Las artes plásticas en Pinar del Río viven hoy un momento de esplendor y serias
interrogaciones sobre su devenir. Sus creadores e instituciones se debaten
entre tradiciones auténticas, mercado pujante y deseos de transformación
honesta al calor de las nuevas realidades del arte contemporáneo. En medio de
intensos propósitos por expresar cada artista lo mejor de cada uno, Juan Miguel
Suárez pone el acento en la expresión fiel, en el dictado de su corazón y sus
energías sin importarle la marea seductora de las tendencias últimas y
vertiginosas.
No le preocupa la confusión a veces reinante en el panorama actual del arte,
cuya música poderosa atrae a más de un cautivo creador, pues se siente seguro
del sendero tomado, aún a contracorriente de muchos.

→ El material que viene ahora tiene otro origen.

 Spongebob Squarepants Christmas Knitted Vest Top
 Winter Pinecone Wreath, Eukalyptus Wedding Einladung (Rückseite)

Lo que quiere es pintar,
pintar hasta el agotamiento lo que observa en otros y en él mismo, como un
testigo ingobernable de su tiempo, como un hombre comprometido., al decir
sartreano.
Su padre le ha dado suficiente magisterio y alas para volar bien alto, y lo ha
hecho desde la pintura, acaso la más tradicional de las expresiones, para
observar desde allá arriba la proliferación de instalaciones, objetos, acciones
y performances que hoy se ensayan por primera vez en una región estremecida
desde hace tiempo por la herencia sostenida y vertebral de Arturo Regueiro,
Tiburcio Lorenzo, la herencia venerable de Was y las nuevas influencias de sus
pródigos hijos Pedro Pablo Oliva, Arturo Montoto, Abel Barroso, Ibrahim
Miranda, Eduardo Ponjuán, entre otros.
Y esa ha sido una de sus principales virtudes: observar sin miedo, con entera
libertad, cada una de las fuentes de inspiración que se entremezclan en su
hábitat. Y sobre ellas vuelve una y otra vez a beber. y a pintar.
El arte cubano tiene otra asignatura pendiente en Juan Miguel Suárez, más allá
del arrastre, aún persistente, de Juan Suárez Blanco que cada año se acumula en
medio de un devenir en el que todos debemos y queremos aprender.